Asqueada por el olor a suciedad de O'Sarian, Sachs deslizó la mano por el brazo del hombre y cogió su pistola. Él la soltó. Sachs retrocedió, empujó a O'Sarian y le apuntó.
—Sólo estaba jugando —dijo O'Sarian—. Lo suelo hacer. Me hago el tonto. No significa nada. Decidle que hago el tonto…
—¿Qué pasa aquí? —dijo Lucy Kerr, caminando sendero abajo, la mano en la culata de su pistola.
Culbeau movió la cabeza.
—Sean hacía el imbécil.
—Lo que le matará algún día —dijo Lucy.
Sachs cerró la navaja automática con una mano y se la puso de nuevo en el bolsillo.
—Mirad, estoy herido. Mirad, ¡sangre! —O'Sarian mostró un dedo manchado.
—Maldición —dijo Tomel respetuosamente, si bien Sachs no tenía ni idea de a qué se refería.
Lucy miró a Sachs.
—¿Quieres hacer algo respecto a todo esto?
—Tomar una ducha —respondió.
Culbeau rió.
Sachs añadió:
—No tenemos tiempo que perder con ellos.
La policía señaló a los hombres con la cabeza.
—Esta es la escena de un crimen. Vosotros, muchachos, perdisteis la recompensa —señaló los rifles—. Si queréis cazar, hacedlo en otra parte.
—Oh, como si estuviéramos en temporada —observó O'Sarian con sarcasmo, burlándose de Lucy por la estupidez de su comentario—. Quiero decir, demonios.
—Entonces volved a la ciudad, antes de que compliquéis vuestras vidas más de lo que lo habéis hecho hasta ahora.
Los hombres levantaron sus rifles. Culbeau bajó la cabeza y dijo algo al oído de O'Sarian. Éste se encogió de hombros y sonrió. Por un momento Sachs pensó que Culbeau lo iba a golpear. Pero entonces el hombre se calmó y se dirigió a Lucy.
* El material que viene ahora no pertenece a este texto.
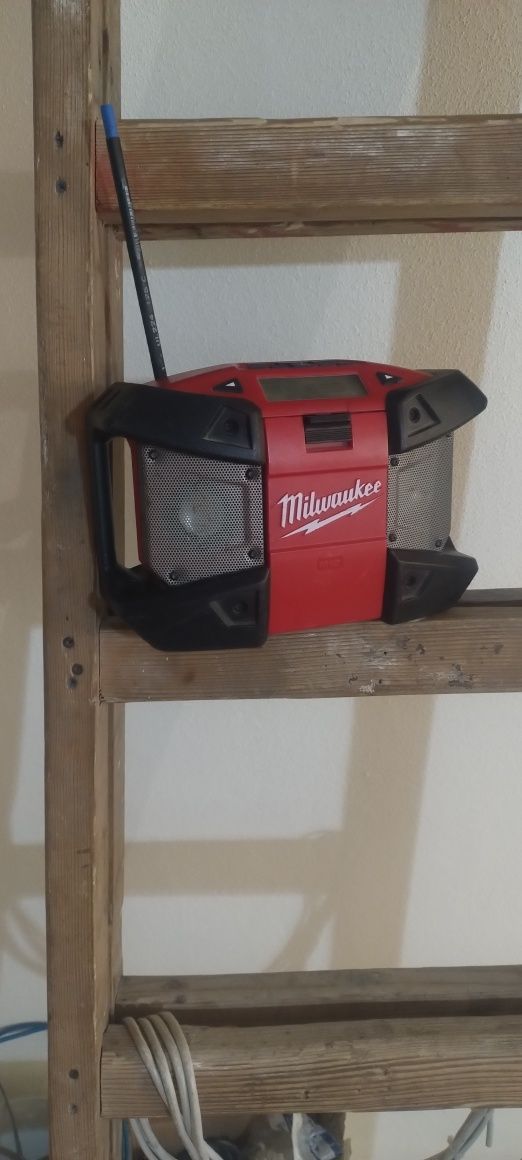Индустриално радио Милуоки Milwaukee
—¿Encontraron a Mary Beth?
—Todavía no. Pero tenemos a Garrett y él nos dirá dónde está.
Culbeau dijo:
—Me gustaría haber ganado la recompensa pero me alegro de que lo hayáis cogido. Ese chico es conflictivo.
Cuando se fueron, Sachs preguntó:
—¿Encontraste algo más en el molino?
—No. Pensé que sería mejor venir aquí para ayudarte a encontrar el bote.
Mientras seguían andando por el sendero, Sachs dijo:
—Una cosa que olvidé. Debemos enviar a alguien a esa trampa, el nido de avispas, para que las mate y tape el pozo.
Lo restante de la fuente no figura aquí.